Quase todo inverno, depois que o Lago Suwa nos Alpes japoneses congela, o deus xintoísta Takeminakata cruza o gelo para visitar o deus Yasakatome em seu santuário, formando uma crista conhecida como omiwatari . Pelo menos, é isso que os sacerdotes que moravam nas margens do lago acreditavam. Quando a água congelasse, eles realizariam um ritual de purificação e celebração em honra da cordilheira, usando sua direção e local de partida para prever a colheita e as chuvas para o próximo ano.
Os sacerdotes mantiveram registros do evento a partir de 1443, inadvertidamente criando um conjunto massivo de dados sobre as condições climáticas. Agora Sapna Sharma, uma bióloga da Universidade de York, e John J. Magnuson, um limnologista da Universidade de Wisconsin, emparelharam esses dados com registros do rompimento do gelo da primavera no Rio Torne, na Finlândia, para entender os efeitos da mudança climática em águas interiores.

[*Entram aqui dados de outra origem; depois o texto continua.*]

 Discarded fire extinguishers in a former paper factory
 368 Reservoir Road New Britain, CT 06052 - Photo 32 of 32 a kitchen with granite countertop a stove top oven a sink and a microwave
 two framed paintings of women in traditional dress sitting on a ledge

"Esses dados são únicos", diz Sharma em um comunicado de imprensa. "Eles foram coletados por humanos que viram e gravaram o evento de gelo ano após ano durante séculos, muito antes de a mudança climática ser um tema de discussão."

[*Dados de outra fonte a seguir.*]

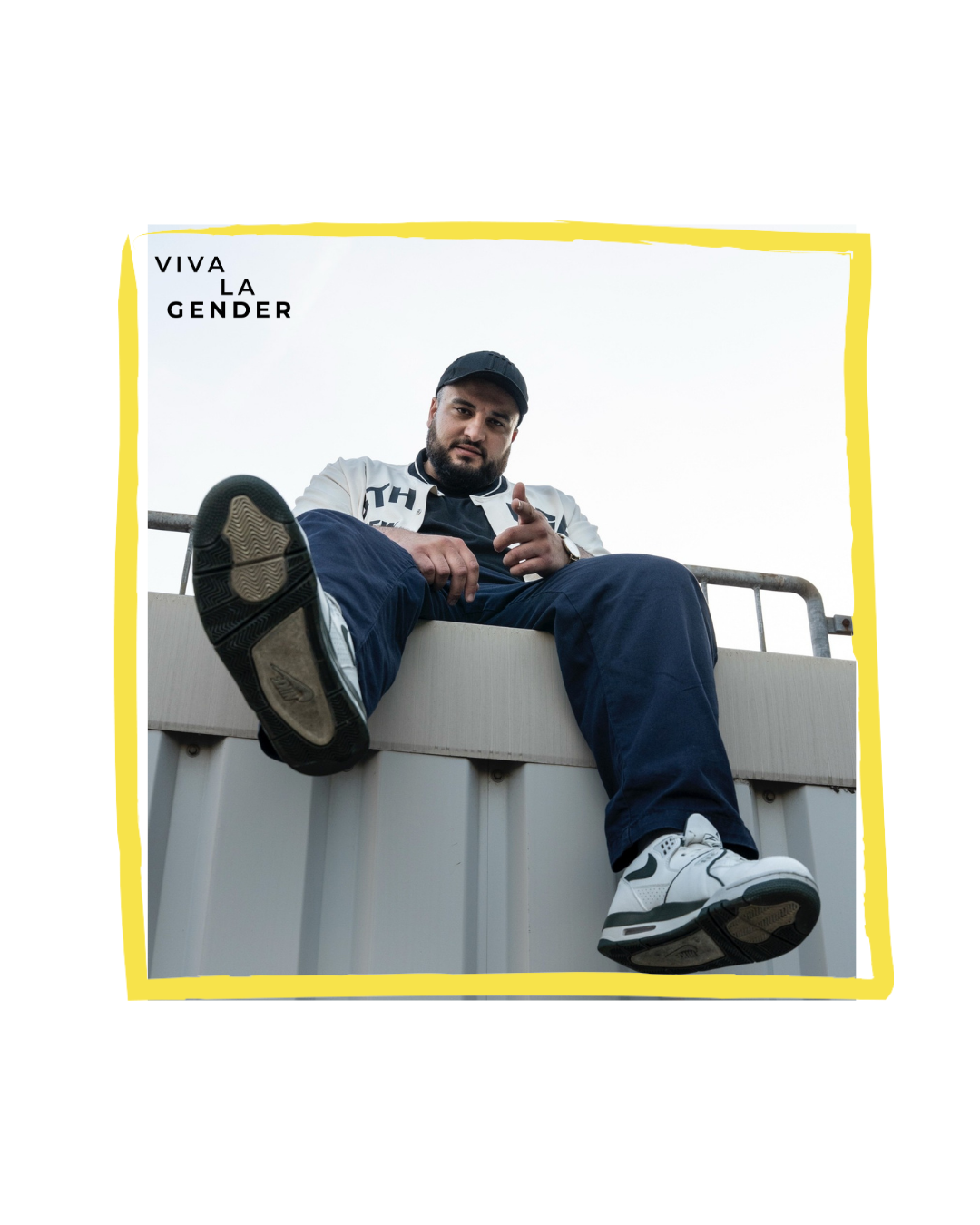 Untersicht: Mann mit Kappe sitzt auf Geländer, zeigt zur Kamera; Sneaker dominieren. Gelber Rahmen, Text 'Viva La Gender'.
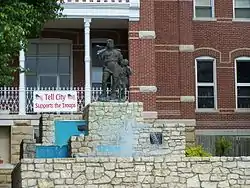 A statue of William Tell and his son sits upon a fountain outside city hall. It is a famous city landmark.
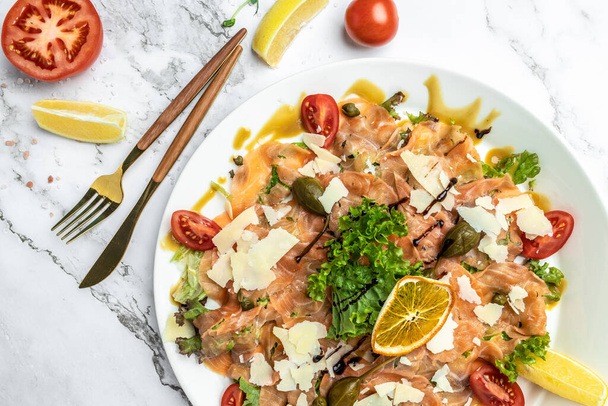 Salmon carpaccio with with capers, parmesan and cherry tomatoes. Delicious balanced food concept. - Φωτογραφία, εικόνα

O estudo, publicado hoje na Scientific Reports , mostra que a data anual de congelamento do Lago Suwa mudou muito lentamente - cerca de 0, 19 dias antes por década. Mas uma vez que a Revolução Industrial começou, a mudança da data de congelamento começou a saltar drasticamente e mudou cerca de 4, 6 dias por década.

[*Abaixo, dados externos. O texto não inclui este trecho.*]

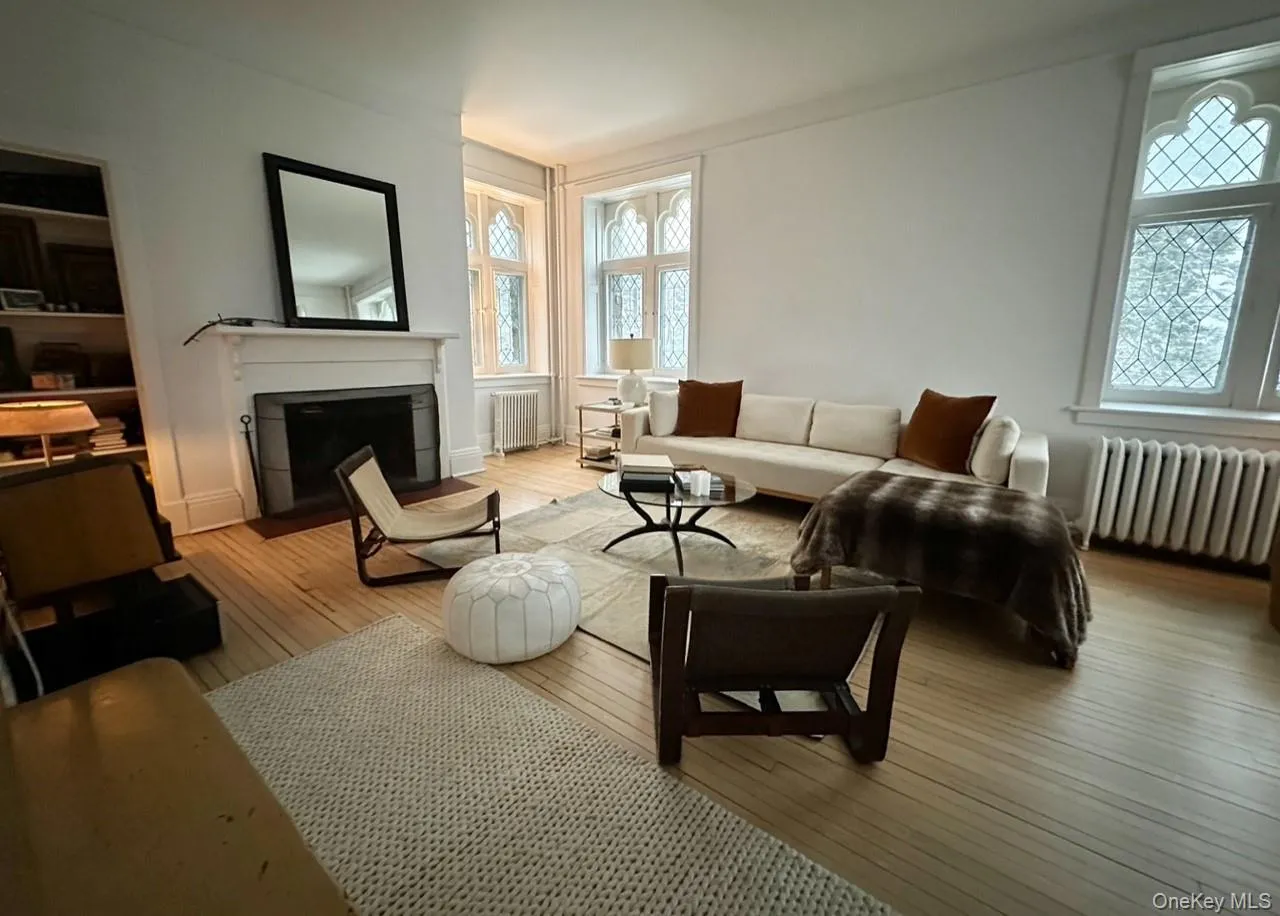 Living area featuring radiator heating unit, hardwood / wood-style floors, and a fireplace with flush hearth Living area featuring radiator heating unit, hardwood / wood-style floors, and a fireplace with flush hearth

Antes que a revolução industrial começasse no final do século XVIII, o lago congelou 99% do tempo - só não congelou três vezes nos três séculos anteriores a 1800. Agora, o Lago Suwa congela completamente apenas metade do tempo. Na última década, o lago não congelou cinco vezes, escreve Lisa Borre na National Geographic.
Em 1693, o comerciante finlandês Olof Ahlbom começou a manter registros da data e da hora em que o gelo se rompeu no rio Torne, parte da fronteira entre a Suécia e a Finlândia que flui do Ártico ao Mar Báltico. Uma guerra interrompeu seu registro entre 1715 e 1721, mas, caso contrário, o registro foi mantido por observadores desde então.
Os dados do Torne são semelhantes aos do Lago Suwa. Enquanto entre 1693 e 1799 houve apenas quatro anos extremamente quentes, causando a quebra do gelo em abril, na última década houve cinco. "Embora as duas águas estejam separadas por meio mundo e diferem muito umas das outras, os padrões gerais de sazonalidade do gelo são semelhantes para ambos os sistemas", diz Magnuson no comunicado à imprensa.
De acordo com Borre, as descobertas se encaixam em outros estudos que identificaram mudanças em ciclos climáticos como a Oscilação do Atlântico Norte e a Oscilação Sul do El Niño, que afetam a cobertura de gelo em lagos e rios ao redor do mundo. Mas a maior descoberta do estudo é que poderia haver mais dados de alta qualidade sobre a mudança climática em registros incomuns.
"O que é tão interessante para mim é que fomos capazes de incluir em nossa análise os registros de gelo mais longos do mundo, baseados na observação humana direta", disse Magnuson a Borre. “Ter registros tão longos de dois sistemas de água doce muito diferentes em diferentes partes do mundo mostra que o mesmo padrão geral é uma de nossas principais descobertas… e é inteiramente consistente com outras pesquisas que mostram um padrão de mudança após a Revolução Industrial.”